Inwiefern kann die Automatisierung und Vernetzung von Verkehrsmitteln dazu beitragen, dass die Mobilitätsangebote den Mobilitätsbedürfnissen künftig besser entsprechen?

Dr. Stefan Carsten: Das ist in jedem Fall relevant und wichtig, weil durch neue Angebote überhaupt erst eine Mobilitätsnachfrage entsteht, die viel differenzierter und spezifischer ist als in der Vergangenheit. Wir dürfen ja nicht vergessen, dass vor rund 20 Jahren fast keine der heutigen Mobilitätsangebote zur Verfügung standen. Es gab Privat-Auto, -Fahrrad, ÖPNV – und sonst? Durch den Zugang zu neuen Diensten, der sich durch neue Technologien und durch sich veränderte Infrastrukturen weiter verbessern wird, werden erst Bedürfnisse geweckt, von denen die Kunden gar nicht wussten, dass sie sie hatten. Deshalb fragen wir auch niemals die Menschen nach einem möglichen zukünftigen Verhalten. Niemand kann diese Frage beantworten, bis die Angebote tatsächlich vor der Haustür verfügbar sind, unabhängig davon, ob dies in der Stadt, im Vorort oder im ländlichen Raum der Fall ist.

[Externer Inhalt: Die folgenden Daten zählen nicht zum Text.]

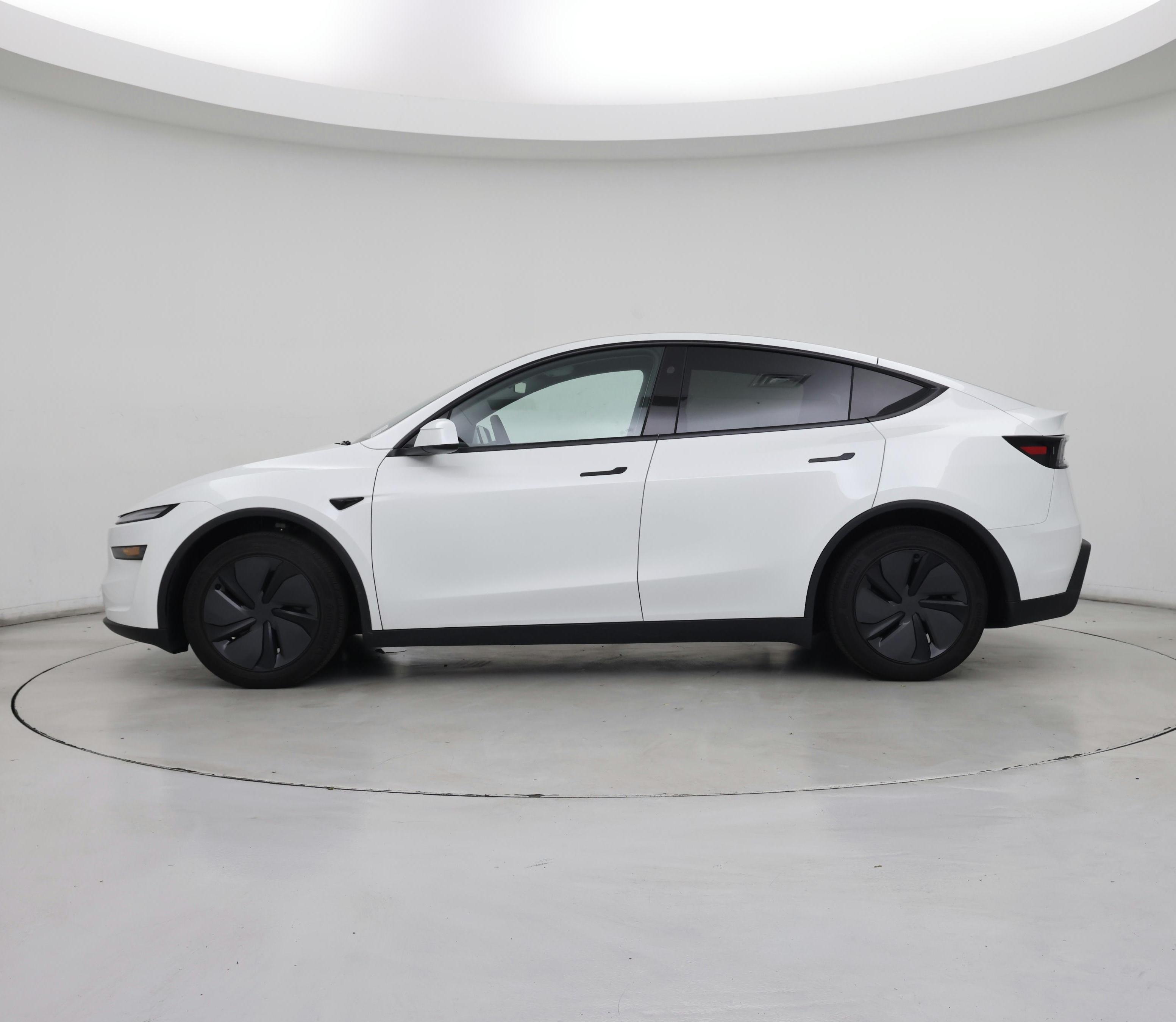 Thumbnail: 2026 Tesla Model Y - 3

Sowohl für Unternehmen als auch für Kommunen spielt Investitionssicherheit eine große Rolle. Fortschritt lässt sich demnach erst realisieren, wenn alle Beteiligten, also Nutzerinnen und Nutzer, Innovationstreibende sowie Umsetzerinnen und Umsetzer, Mehrwert erzielen können. Was gibt Ihnen Zuversicht, dass wir die Mobilitätswende auch in unsicherem wirtschaftlichen Klima meistern werden?

Dr. Stefan Carsten: Über Jahrzehnte war der Automobilsektor der zentrale Wohlstandstreiber in Deutschland und vielen anderen Ländern. Heute müssen wir konstatieren, dass viele Volkswirtschaften Deutschland in den gängigen Wohlstandsrankings überholt haben, weil sie verstanden haben, dass Mobilität – und nicht nur motorisierte und PKW-zentrierte Individualmobilität – im Einklang mit Lebens- und Aufenthaltsqualität zum wichtigen Standortfaktor geworden ist. Der Inbegriff einer intelligenten mobilen Gesellschaft beruht auf Flexibilität und Unabhängigkeit in einem vernetzten System. Diese Mobilität ist zudem nachhaltig und inklusiv, weil sie sehr viel differenziertere und kundenspezifischere Angebote zur Verfügung stellt, als dies in der Vergangenheit der Fall war. Die wirtschaftliche Kraft der Mobilitätswende ist deshalb für mich unabhängig vom wirtschaftlichen Klima zu sehen, weil viele Voraussetzung dafür bereits gegeben sind. Andere – vor allem die Infrastrukturen – brauchen jetzt aber ein Update im Sinne des wirtschaftlichen Aufschwungs. Wir müssen mutig für eine Mobilitätswende eintreten, um im Wettbewerb der Städte und Volkswirtschaften die Zukunft nicht zu verspielen.

Vielen Dank für das Gespräch! Wir freuen uns Sie am 20. November persönlich in der Philharmonie in Essen begrüßen zu dürfen und sind gespannt auf Ihren Keynote Vortrag.